Global demand remains tepid in 2016 as most of the world’s key players and many emerging-market economies are performing below their potential. This situation is having a negative impact in the region’s export-driven nations. Moreover, mounting domestic challenges in some countries in the region are also putting a dent in ESA’s overall economic growth. As a result, overall activity in ESA is expected to moderate in the coming quarters. FocusEconomics Consensus Forecast panelists see the ESA economy expanding 6.0% in Q2.

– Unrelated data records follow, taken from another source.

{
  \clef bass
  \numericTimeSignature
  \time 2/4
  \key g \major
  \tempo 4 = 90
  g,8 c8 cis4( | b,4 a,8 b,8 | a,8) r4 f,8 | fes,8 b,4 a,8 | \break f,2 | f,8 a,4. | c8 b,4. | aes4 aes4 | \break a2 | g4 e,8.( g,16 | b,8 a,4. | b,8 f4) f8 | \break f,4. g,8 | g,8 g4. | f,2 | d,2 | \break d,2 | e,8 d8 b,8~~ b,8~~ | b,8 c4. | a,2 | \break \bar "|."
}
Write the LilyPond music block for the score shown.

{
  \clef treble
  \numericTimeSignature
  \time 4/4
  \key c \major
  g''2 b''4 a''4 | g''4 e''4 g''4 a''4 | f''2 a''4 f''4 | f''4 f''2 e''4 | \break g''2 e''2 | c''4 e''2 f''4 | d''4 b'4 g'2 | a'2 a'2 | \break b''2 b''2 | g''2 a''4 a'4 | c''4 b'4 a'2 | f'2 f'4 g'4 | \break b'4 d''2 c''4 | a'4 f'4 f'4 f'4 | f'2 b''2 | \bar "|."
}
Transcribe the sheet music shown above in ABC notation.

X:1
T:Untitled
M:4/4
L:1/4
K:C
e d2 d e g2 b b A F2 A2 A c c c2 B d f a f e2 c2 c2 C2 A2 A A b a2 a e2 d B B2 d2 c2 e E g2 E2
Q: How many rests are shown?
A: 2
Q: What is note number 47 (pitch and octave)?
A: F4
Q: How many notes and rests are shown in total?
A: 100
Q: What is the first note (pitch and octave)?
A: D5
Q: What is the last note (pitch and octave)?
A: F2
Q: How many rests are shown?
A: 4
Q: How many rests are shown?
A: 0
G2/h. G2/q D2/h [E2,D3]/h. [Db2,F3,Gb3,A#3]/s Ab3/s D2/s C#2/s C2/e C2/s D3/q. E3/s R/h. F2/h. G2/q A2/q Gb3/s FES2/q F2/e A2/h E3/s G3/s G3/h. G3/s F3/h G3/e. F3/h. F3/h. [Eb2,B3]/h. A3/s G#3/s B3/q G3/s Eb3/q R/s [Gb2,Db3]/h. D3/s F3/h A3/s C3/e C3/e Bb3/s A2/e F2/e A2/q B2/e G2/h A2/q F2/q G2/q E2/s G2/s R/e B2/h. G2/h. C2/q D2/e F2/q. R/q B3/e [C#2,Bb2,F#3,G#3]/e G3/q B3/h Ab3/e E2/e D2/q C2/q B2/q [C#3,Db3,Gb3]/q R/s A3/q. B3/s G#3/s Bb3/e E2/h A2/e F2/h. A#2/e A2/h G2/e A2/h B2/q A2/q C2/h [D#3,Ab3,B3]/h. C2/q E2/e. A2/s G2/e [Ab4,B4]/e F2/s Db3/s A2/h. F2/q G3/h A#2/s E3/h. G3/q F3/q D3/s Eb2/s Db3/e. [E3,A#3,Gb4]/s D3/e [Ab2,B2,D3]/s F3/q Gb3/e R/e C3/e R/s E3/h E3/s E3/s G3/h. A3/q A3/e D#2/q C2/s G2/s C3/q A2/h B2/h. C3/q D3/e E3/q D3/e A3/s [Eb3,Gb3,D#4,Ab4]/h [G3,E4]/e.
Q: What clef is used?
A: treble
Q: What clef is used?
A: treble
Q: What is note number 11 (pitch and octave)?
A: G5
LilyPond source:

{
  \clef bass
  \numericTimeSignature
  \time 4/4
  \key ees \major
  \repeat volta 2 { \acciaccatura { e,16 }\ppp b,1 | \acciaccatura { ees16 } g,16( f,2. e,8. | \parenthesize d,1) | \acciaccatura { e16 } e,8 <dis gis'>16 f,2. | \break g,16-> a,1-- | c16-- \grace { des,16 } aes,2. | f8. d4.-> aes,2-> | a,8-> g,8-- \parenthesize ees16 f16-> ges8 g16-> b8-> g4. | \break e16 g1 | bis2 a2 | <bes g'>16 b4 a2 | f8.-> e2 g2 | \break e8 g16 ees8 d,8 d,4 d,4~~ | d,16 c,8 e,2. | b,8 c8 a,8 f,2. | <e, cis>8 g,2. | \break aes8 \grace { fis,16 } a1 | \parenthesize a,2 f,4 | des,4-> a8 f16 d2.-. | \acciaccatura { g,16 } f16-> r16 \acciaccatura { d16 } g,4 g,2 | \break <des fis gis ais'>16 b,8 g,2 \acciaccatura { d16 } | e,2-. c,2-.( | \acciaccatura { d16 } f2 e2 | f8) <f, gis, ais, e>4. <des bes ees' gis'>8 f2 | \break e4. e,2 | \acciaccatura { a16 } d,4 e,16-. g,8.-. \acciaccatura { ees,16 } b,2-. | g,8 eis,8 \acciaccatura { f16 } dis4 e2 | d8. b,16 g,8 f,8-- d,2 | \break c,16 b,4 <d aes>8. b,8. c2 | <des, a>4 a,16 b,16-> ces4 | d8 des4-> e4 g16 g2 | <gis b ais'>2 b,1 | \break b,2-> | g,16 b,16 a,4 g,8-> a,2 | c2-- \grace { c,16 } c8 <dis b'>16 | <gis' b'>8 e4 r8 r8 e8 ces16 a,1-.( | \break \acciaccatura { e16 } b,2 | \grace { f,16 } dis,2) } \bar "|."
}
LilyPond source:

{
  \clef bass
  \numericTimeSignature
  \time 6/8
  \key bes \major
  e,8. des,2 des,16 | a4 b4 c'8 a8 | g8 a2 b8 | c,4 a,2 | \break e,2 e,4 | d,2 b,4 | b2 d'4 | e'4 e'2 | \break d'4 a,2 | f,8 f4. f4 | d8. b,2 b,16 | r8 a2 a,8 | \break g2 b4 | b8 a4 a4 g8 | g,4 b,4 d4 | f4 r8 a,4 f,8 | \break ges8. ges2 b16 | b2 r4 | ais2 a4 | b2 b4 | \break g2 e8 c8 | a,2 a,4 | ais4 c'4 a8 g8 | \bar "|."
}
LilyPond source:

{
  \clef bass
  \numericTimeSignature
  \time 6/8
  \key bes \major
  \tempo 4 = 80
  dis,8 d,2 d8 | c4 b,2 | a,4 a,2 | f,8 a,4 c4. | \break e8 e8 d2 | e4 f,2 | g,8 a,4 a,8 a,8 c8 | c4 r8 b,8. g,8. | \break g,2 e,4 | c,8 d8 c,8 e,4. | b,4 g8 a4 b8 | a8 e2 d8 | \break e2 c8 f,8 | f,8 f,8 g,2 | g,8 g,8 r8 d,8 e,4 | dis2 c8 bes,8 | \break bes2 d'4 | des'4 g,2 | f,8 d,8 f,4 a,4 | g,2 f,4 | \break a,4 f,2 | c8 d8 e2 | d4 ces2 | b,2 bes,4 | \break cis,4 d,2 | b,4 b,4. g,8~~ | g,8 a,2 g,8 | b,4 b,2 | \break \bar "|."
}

2016 ESA economic outlook hit by mounting domestic challenges

While policy support in China is positive news for the region, at least in the short term, challenging domestic conditions in some countries are weighing on East and South Asia’s growth prospects. In particular, Hong Kong’s economy is suffering from a correction in the housing market and weaker inbound tourism, while policy uncertainty is adding to an already battered economic situation in Taiwan.  Moreover, data for April suggesting that Chinese authorities may have become more cautions on economic stimulus have the potential to dampen economic activity in the region. Against this backdrop, FocusEconomics panelists cut the region’s growth projections for 2016 by 0.1 percentage points to 6.0%. For 2017, our panel of analysts foresees the ESA economy slowing to a 5.9% increase.

This month’s downward revision to the regional economic outlook for 2016 reflects worse prospects for Hong KongMongolia and Taiwan. Growth estimates were unchanged in Bangladesh, China, India, Korea, Pakistan and Sri Lanka.

India is expected to be the region’s fastest-growing economy in 2016 with a 7.5% expansion, followed by Bangladesh, with an expected 6.6% increase. At the other end of the spectrum, Hong Kong, Mongolia and Taiwan are projected to be the slowest-growing economies, with growth rates below 2.0%. China’s economy is seen expanding 6.5% in 2016, which is in line with the lower band of this year’s economic target of 6.5%–7.0%.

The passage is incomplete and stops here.